2.2.6. Key affinity service

In a distributed cache, a key is allocated to a list of nodes with an opaque algorithm. There is no easy way to reverse the computation and generate a key that maps to a particular node. However, Data Grid can generate a sequence of (pseudo-)random keys, see what their primary owner is, and hand them out to the application when it needs a key mapping to a particular node.

Following code snippet depicts how a reference to this service can be obtained and used.

// 1. Obtain a reference to a cache
Cache cache = ...
Address address = cache.getCacheManager().getAddress();

// 2. Create the affinity service
KeyAffinityService keyAffinityService = KeyAffinityServiceFactory.newLocalKeyAffinityService(
      cache,
      new RndKeyGenerator(),
      Executors.newSingleThreadExecutor(),
      100);

// 3. Obtain a key for which the local node is the primary owner
Object localKey = keyAffinityService.getKeyForAddress(address);

// 4. Insert the key in the cache
cache.put(localKey, "yourValue");

The service is started at step 2: after this point it uses the supplied Executor to generate and queue keys. At step 3, we obtain a key from the service, and at step 4 we use it.

Lifecycle

KeyAffinityService extends Lifecycle, which allows stopping and (re)starting it:

public interface Lifecycle {
   void start();
   void stop();
}

The service is instantiated through KeyAffinityServiceFactory. All the factory methods have an Executor parameter, that is used for asynchronous key generation (so that it won’t happen in the caller’s thread). It is the user’s responsibility to handle the shutdown of this Executor.

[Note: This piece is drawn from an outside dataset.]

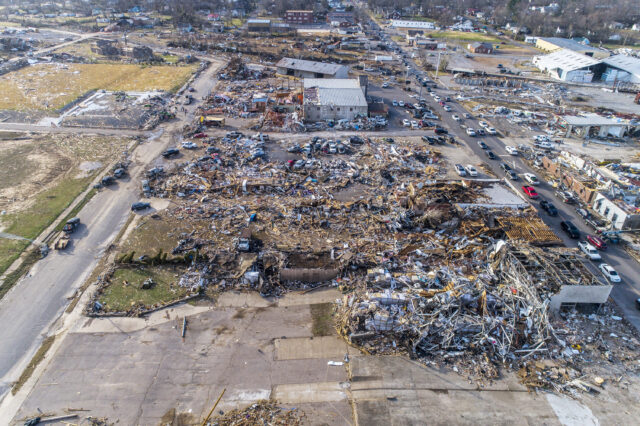 Tornadoes devastate Midwest, South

The KeyAffinityService, once started, needs to be explicitly stopped. This stops the background key generation and releases other held resources.

The only situation in which KeyAffinityService stops by itself is when the cache manager with which it was registered is shutdown.

Topology changes

When the cache topology changes, the ownership of the keys generated by the KeyAffinityService might change. The key affinity service keep tracks of these topology changes and doesn’t return keys that would currently map to a different node, but it won’t do anything about keys generated earlier.

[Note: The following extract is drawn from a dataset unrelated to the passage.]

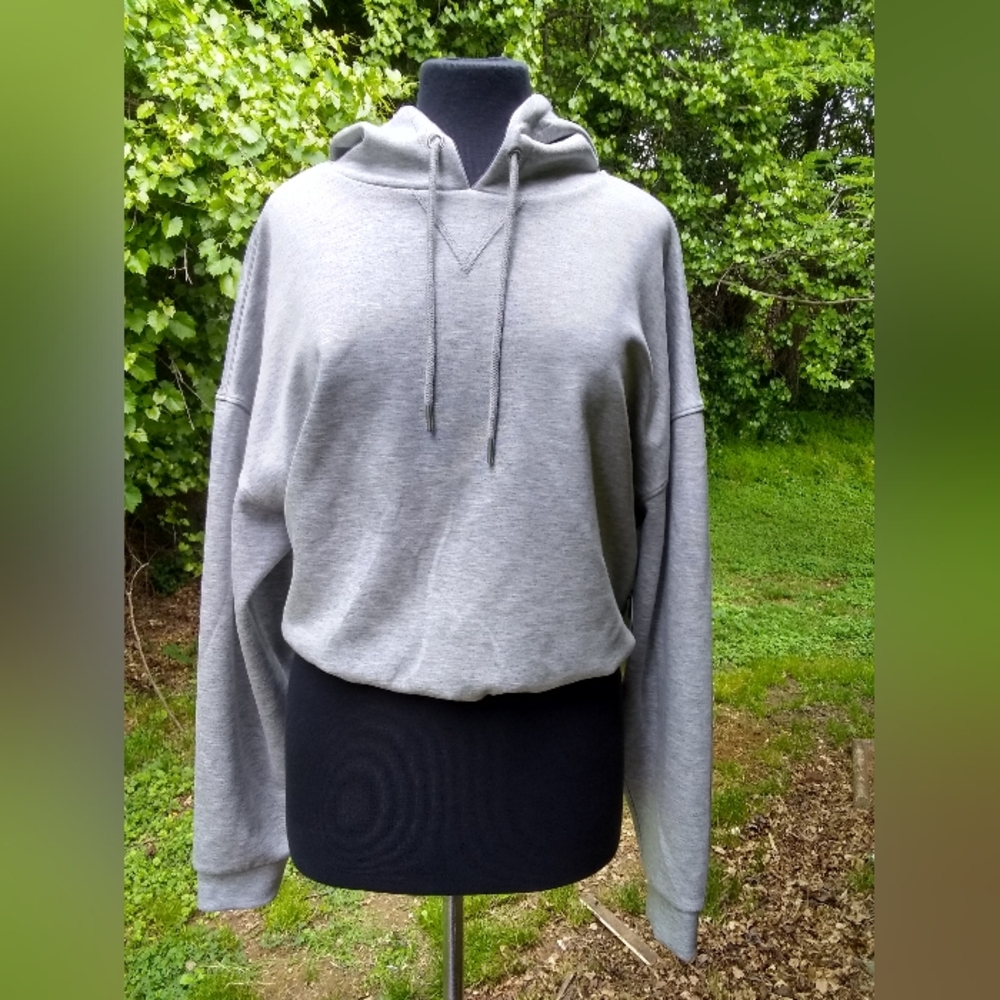 Scoop Hoodie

As such, applications should treat KeyAffinityService purely as an optimization, and they should not rely on the location of a generated key for correctness.

In particular, applications should not rely on keys generated by KeyAffinityService for the same address to always be located together. Collocation of keys is only provided by the Grouping API.

2.2.7. Grouping API

Complementary to the Key affinity service, the Grouping API allows you to co-locate a group of entries on the same nodes, but without being able to select the actual nodes.

By default, the segment of a key is computed using the key’s hashCode(). If you use the Grouping API, Data Grid will compute the segment of the group and use that as the segment of the key.

When the Grouping API is in use, it is important that every node can still compute the owners of every key without contacting other nodes. For this reason, the group cannot be specified manually. The group can either be intrinsic to the entry (generated by the key class) or extrinsic (generated by an external function).

To use the Grouping API, you must enable groups.

Configuration c = new ConfigurationBuilder()
   .clustering().hash().groups().enabled()
   .build();
<distributed-cache>
   <groups enabled="true"/>
</distributed-cache>

If you have control of the key class (you can alter the class definition, it’s not part of an unmodifiable library), then we recommend using an intrinsic group. The intrinsic group is specified by adding the @Group annotation to a method, for example:

class User {
   ...
   String office;
   ...

   public int hashCode() {
      // Defines the hash for the key, normally used to determine location
      ...
   }

   // Override the location by specifying a group
   // All keys in the same group end up with the same owners
   @Group
   public String getOffice() {
      return office;
   }
   }
}
Note

The group method must return a String

If you don’t have control over the key class, or the determination of the group is an orthogonal concern to the key class, we recommend using an extrinsic group. An extrinsic group is specified by implementing the Grouper interface.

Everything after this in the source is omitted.